• _Task instructions_
Transcribe the records below from the first line to the line that includes "cooked pieces of", inclusive, and omit the pictures.

• _Data records_
↓↓↓

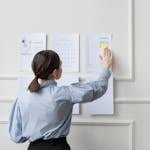 Woman organizing wall planner in office showing strategy and planning.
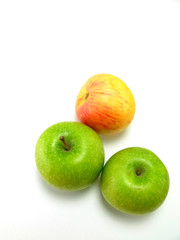 green and red apple on white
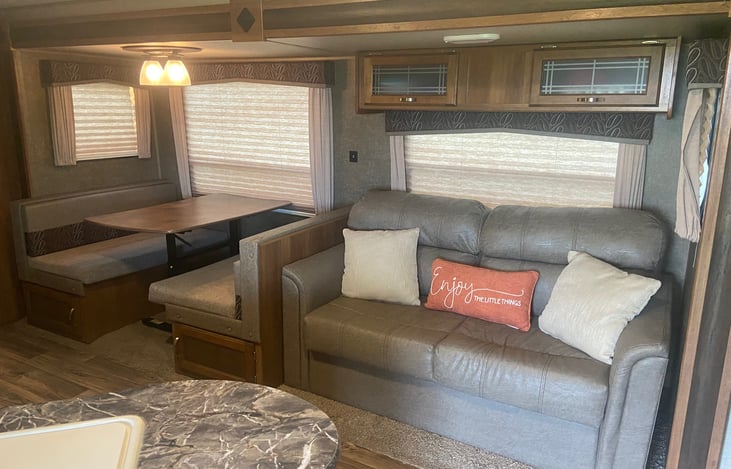 The table and couch both fold down into beds for additional guests!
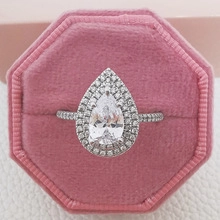 Detailed macro view of pear-cut sparkling engagement ring in a pink velvet jewelry box
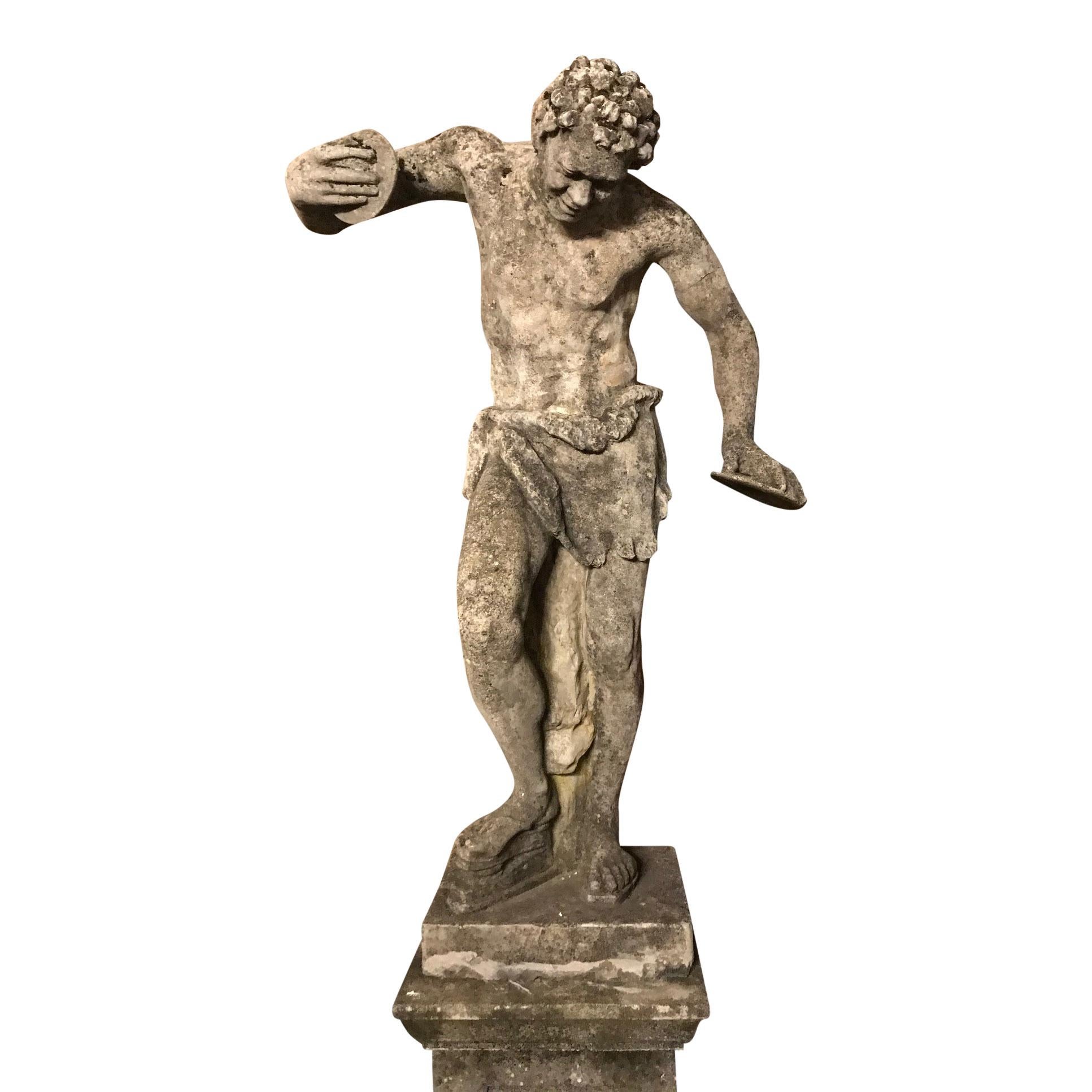AFTER THE ANTIQUE, A LARGE COMPOSITION STONE FIGURE OF THE DANCING FAUN WITH CYMBOLS

20th century 
(Pedestal not included), 100cm wide, 34cm deep, 143cm high (39in wide, 13in deep, 56in high) and the base of the figure: 43cm wide x 34cm deep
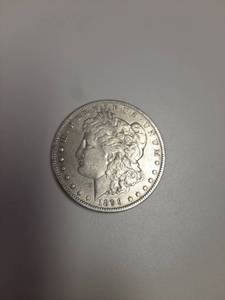 lot 193 image: 1899-O Morgan Silver Dollar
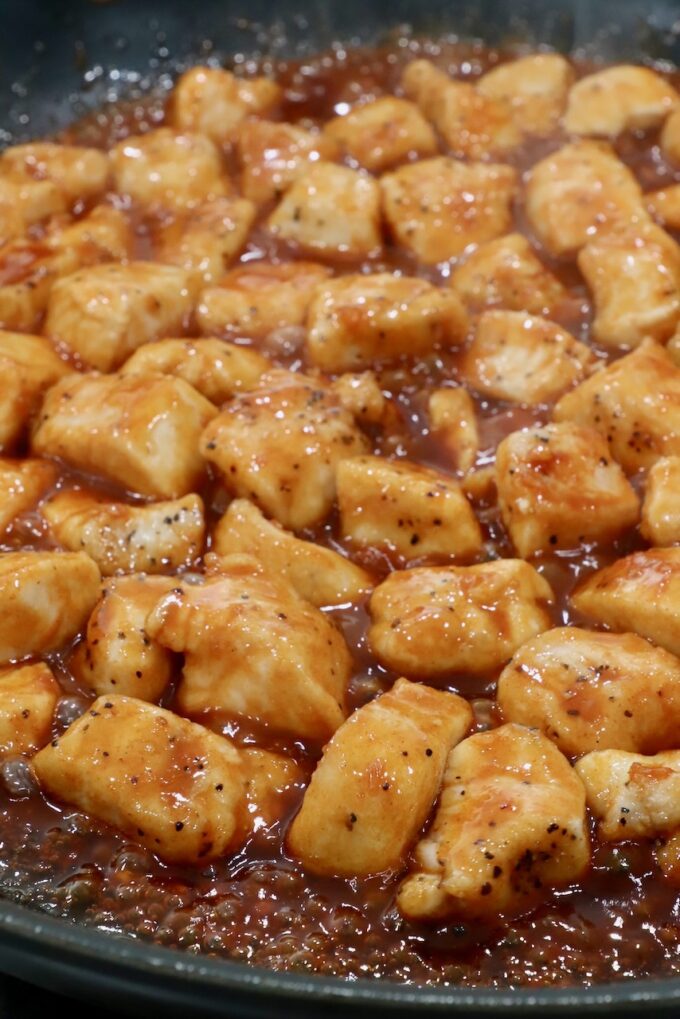 cooked pieces of chicken covered in gochujang sauce in a skillet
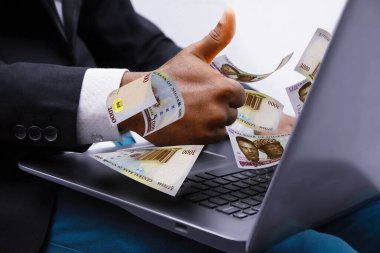 Nigerian naira notes coming out of laptop with Business man giving thumbs up, Financial concept. Make money on the Internet, working with a laptop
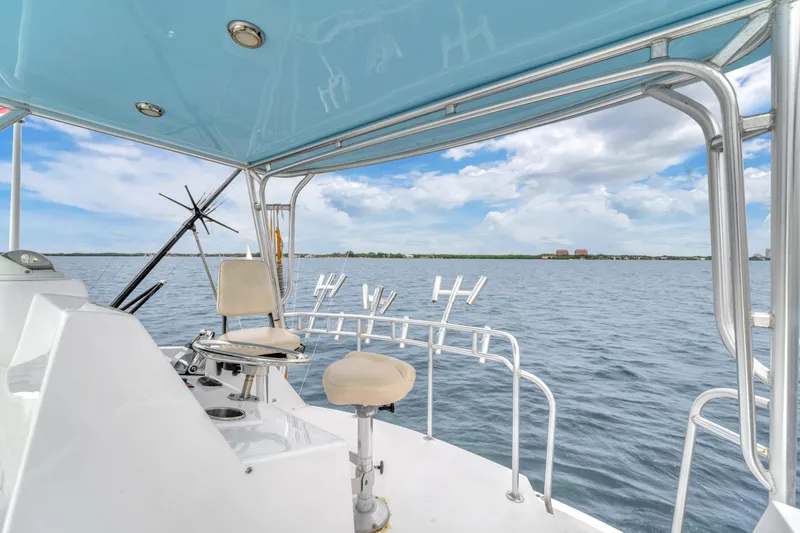 Slide: The Image of 1978 Hatteras 42 Convertible boat deck with ocean view and fishing rod holders. - 33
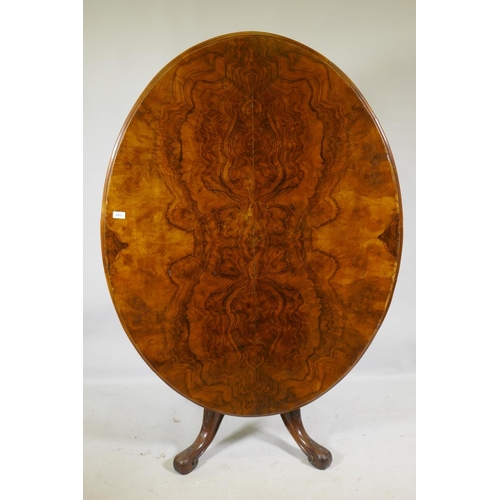 1169 - A Victorian figured walnut tilt top breakfast table, the oval top raised on a carved and turned colu... 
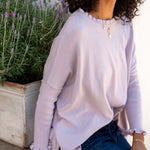 Woman wearing a light pink sweater sitting next to a lavender plant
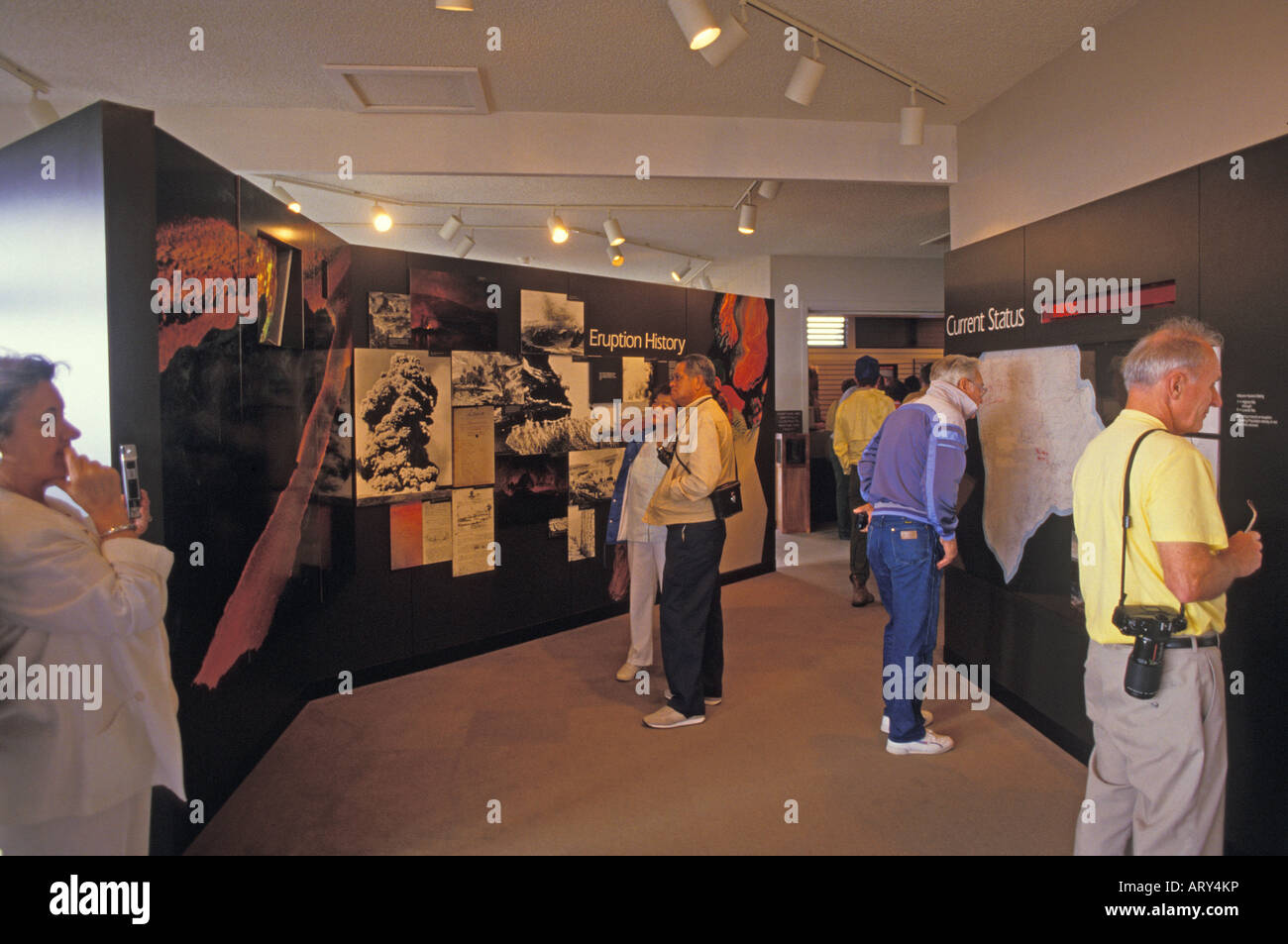 Tourists view the exhibits at the Thomas A. Jager Museum at Halemaumau Crater within the Hawaii Volcanoes National Park on the Stock Photo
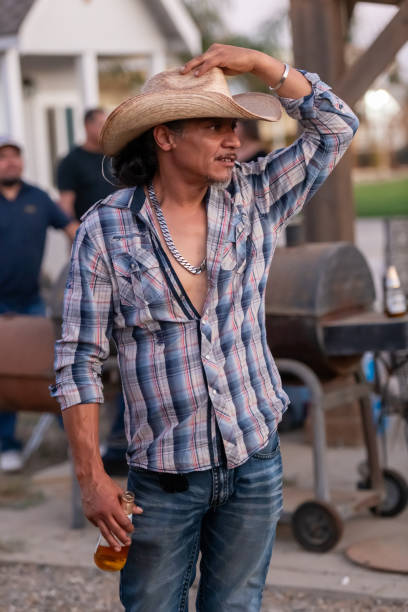 mature hispanic man looking away wearing a cowboy hat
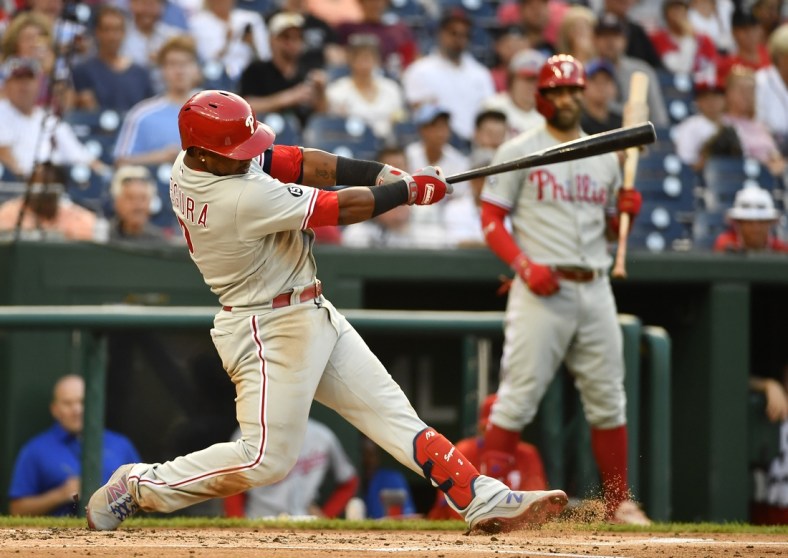 Aug 4, 2021; Washington, District of Columbia, USA; Philadelphia Phillies second baseman Jean Segura (2) hits an RBI double against the Washington Nationals during the third inning at Nationals Park. Mandatory Credit: Brad Mills-USA TODAY Sports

↑↑↑

• _Result below_
 Woman organizing wall planner in office showing strategy and planning.
 green and red apple on white
 The table and couch both fold down into beds for additional guests!
 Detailed macro view of pear-cut sparkling engagement ring in a pink velvet jewelry box
AFTER THE ANTIQUE, A LARGE COMPOSITION STONE FIGURE OF THE DANCING FAUN WITH CYMBOLS

20th century 
(Pedestal not included), 100cm wide, 34cm deep, 143cm high (39in wide, 13in deep, 56in high) and the base of the figure: 43cm wide x 34cm deep
 lot 193 image: 1899-O Morgan Silver Dollar
 cooked pieces of chicken covered in gochujang sauce in a skillet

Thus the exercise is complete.